Protons in (Ga,Sc,In,Y)3+-doped BaFeO3 triple conductors — Site energies and migration barriers investigated by density functional theory calculations
Andrei Chesnokov, Denis Gryaznov, E. A. Kotomin, Joachim Maier, Rotraut Merkle
Abstract
BaFeO 3-δ is a prototypical “triple-conducting” perovskite combining electronic, proton and oxygen vacancy conductivities. Here, the interaction energies of protons at different sites with Ga 3+ , Sc 3+ , In 3+ , and Y 3+ dopants on the Fe site in BaFeO 3 are calculated using density functional theory (DFT). The effect of the dopants on the respective proton transfer barriers is also investigated. While for the smaller Ga 3+ and Sc 3+ dopants a slight trapping of protons in the first and second shell around the dopant is found, in the case of the strongly oversized In 3+ and Y 3+ the first shell exhibits a repulsive behaviour for protons (despite attractive electrostatic interaction). The calculated proton transfer barriers for different configurations depend sensitively on the local geometry.

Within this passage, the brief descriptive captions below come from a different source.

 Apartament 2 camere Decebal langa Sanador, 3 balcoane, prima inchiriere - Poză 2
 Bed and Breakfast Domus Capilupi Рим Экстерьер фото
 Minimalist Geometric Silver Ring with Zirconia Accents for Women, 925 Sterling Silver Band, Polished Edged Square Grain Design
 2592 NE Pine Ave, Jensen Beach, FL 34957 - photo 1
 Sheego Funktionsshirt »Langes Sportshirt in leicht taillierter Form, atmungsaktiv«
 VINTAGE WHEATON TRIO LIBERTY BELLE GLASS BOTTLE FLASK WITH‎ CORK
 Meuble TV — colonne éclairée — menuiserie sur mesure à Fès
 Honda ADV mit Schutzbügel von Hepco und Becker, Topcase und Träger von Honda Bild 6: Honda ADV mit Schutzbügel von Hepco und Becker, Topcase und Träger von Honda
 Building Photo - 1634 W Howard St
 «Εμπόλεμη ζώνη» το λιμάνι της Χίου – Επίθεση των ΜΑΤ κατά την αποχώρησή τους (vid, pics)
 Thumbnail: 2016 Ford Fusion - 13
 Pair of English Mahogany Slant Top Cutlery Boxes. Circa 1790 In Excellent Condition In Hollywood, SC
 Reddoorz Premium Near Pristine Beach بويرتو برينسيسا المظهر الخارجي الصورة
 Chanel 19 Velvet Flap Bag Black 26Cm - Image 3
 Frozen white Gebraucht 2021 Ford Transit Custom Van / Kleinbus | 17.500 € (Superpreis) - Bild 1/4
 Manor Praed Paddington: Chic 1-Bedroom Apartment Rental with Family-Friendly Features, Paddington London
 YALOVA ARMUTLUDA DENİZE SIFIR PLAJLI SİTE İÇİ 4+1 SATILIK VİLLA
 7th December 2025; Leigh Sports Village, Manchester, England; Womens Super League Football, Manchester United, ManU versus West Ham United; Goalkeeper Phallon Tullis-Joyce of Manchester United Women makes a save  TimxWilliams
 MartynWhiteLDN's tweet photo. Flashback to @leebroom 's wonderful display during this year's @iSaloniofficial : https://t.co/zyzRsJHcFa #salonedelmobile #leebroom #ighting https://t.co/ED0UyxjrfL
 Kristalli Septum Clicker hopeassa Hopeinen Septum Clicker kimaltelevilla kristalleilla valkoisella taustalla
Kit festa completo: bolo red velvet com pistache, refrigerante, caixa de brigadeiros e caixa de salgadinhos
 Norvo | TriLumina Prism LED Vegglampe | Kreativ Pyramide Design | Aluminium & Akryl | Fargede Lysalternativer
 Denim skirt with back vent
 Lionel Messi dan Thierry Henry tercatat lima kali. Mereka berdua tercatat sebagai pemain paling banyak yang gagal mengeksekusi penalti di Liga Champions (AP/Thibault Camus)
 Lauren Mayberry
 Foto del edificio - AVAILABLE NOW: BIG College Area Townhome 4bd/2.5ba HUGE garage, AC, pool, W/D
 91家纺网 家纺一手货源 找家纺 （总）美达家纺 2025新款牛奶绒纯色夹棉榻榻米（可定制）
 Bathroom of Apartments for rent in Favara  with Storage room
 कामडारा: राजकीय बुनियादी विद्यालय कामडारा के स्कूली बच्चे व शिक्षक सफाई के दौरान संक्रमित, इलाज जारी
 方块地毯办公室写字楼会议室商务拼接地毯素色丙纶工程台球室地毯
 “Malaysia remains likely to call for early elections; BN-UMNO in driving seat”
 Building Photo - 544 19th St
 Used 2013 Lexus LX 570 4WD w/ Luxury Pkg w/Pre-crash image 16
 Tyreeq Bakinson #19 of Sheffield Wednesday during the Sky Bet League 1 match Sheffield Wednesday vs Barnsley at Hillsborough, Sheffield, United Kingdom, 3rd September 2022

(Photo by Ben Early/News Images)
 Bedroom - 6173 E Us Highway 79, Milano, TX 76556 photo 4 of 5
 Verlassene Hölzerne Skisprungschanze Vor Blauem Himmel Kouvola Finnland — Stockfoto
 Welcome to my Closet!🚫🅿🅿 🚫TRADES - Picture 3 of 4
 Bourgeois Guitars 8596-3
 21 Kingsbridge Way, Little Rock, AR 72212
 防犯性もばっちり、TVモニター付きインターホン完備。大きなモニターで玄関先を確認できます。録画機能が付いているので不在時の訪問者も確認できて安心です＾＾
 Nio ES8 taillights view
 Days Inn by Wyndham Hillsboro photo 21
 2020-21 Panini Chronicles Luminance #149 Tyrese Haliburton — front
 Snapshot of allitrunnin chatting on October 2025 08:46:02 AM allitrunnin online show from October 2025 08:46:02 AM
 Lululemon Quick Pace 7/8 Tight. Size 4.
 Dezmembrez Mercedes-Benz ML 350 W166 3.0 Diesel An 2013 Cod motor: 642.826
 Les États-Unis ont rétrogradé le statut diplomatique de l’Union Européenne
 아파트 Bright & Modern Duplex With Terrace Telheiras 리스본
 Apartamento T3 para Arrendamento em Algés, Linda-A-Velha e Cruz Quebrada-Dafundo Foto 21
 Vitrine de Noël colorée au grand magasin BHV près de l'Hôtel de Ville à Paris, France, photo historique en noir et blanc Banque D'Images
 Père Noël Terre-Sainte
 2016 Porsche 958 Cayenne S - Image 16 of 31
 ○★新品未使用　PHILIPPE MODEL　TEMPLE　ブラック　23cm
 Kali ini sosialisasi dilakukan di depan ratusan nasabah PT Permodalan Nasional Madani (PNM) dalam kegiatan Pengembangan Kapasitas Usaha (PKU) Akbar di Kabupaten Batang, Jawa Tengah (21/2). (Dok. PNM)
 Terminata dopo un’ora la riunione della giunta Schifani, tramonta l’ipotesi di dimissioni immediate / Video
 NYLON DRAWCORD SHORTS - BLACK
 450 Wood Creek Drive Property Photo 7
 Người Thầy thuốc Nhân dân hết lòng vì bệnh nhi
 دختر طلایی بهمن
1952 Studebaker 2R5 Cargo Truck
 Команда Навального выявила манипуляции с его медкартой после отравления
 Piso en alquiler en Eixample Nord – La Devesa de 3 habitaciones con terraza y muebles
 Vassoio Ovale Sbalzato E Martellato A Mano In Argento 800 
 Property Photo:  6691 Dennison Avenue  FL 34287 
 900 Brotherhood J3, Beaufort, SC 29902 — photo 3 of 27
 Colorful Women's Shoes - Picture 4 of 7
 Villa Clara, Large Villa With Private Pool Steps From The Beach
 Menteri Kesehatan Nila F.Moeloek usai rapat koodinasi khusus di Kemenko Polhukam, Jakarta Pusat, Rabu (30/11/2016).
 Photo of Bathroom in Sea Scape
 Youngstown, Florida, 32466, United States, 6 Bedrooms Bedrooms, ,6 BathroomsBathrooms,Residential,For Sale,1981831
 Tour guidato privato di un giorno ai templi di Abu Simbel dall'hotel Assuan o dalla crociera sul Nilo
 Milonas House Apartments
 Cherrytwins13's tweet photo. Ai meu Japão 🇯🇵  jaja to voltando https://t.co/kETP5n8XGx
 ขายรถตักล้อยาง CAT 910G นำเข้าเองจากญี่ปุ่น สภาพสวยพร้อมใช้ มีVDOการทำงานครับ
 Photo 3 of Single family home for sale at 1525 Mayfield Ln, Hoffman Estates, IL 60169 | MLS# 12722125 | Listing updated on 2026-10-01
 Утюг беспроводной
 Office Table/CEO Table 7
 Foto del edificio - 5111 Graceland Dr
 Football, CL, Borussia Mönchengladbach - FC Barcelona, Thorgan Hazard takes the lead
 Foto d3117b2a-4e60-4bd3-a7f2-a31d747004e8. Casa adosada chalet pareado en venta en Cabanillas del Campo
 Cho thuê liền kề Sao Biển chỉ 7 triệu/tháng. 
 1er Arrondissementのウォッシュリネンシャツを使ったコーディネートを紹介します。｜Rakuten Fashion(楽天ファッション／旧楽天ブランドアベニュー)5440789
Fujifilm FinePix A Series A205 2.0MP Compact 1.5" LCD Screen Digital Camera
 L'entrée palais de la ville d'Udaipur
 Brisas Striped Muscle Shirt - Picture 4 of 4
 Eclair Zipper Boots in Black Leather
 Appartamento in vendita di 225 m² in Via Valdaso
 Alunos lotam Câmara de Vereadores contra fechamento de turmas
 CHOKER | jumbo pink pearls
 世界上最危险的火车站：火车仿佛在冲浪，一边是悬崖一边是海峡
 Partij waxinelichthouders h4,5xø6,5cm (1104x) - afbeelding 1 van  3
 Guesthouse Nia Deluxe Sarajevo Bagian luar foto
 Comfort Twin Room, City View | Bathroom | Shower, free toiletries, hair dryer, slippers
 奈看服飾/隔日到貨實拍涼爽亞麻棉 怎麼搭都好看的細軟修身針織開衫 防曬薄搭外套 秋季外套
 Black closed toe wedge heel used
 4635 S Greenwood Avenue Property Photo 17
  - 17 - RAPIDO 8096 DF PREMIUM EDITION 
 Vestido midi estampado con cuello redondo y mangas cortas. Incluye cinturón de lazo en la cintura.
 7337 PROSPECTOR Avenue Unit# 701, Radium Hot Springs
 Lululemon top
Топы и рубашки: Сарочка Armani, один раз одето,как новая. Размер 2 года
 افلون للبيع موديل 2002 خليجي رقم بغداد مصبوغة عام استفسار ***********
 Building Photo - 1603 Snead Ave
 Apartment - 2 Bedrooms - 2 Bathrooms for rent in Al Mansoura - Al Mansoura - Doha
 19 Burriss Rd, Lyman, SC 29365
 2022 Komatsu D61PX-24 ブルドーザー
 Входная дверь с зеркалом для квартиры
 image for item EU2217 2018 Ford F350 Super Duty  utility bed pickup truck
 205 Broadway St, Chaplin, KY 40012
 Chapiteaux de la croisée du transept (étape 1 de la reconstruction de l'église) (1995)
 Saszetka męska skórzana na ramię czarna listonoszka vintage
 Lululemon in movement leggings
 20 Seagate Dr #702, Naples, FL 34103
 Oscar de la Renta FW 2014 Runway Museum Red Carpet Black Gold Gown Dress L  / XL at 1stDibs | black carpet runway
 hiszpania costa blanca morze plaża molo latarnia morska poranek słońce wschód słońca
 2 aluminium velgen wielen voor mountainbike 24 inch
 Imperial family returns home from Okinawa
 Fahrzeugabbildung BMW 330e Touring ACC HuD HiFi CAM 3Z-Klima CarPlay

They follow the previously derived correlations with O-H bond lengths and O···O distances in BaFeO 3-δ , corroborating that these quantities are physically meaningful descriptors for proton transfer in perovskites. Overall, a very complex energy landscape is obtained, and the consequences for long-range proton transport are discussed only qualitatively. The combination of a proton-repulsive first shell and the tendency for increased proton barriers suggests that for BaFeO 3-δ , instead of the very oversized Y 3+ smaller dopants should be considered. • Extended DFT study of proton site energies and barriers in doped BaFeO 3 . • Repulsive zone around very oversized Y 3+ . • Increased proton transfer barriers around very oversized Y 3+ . • Qualitative discussion of long-range transport.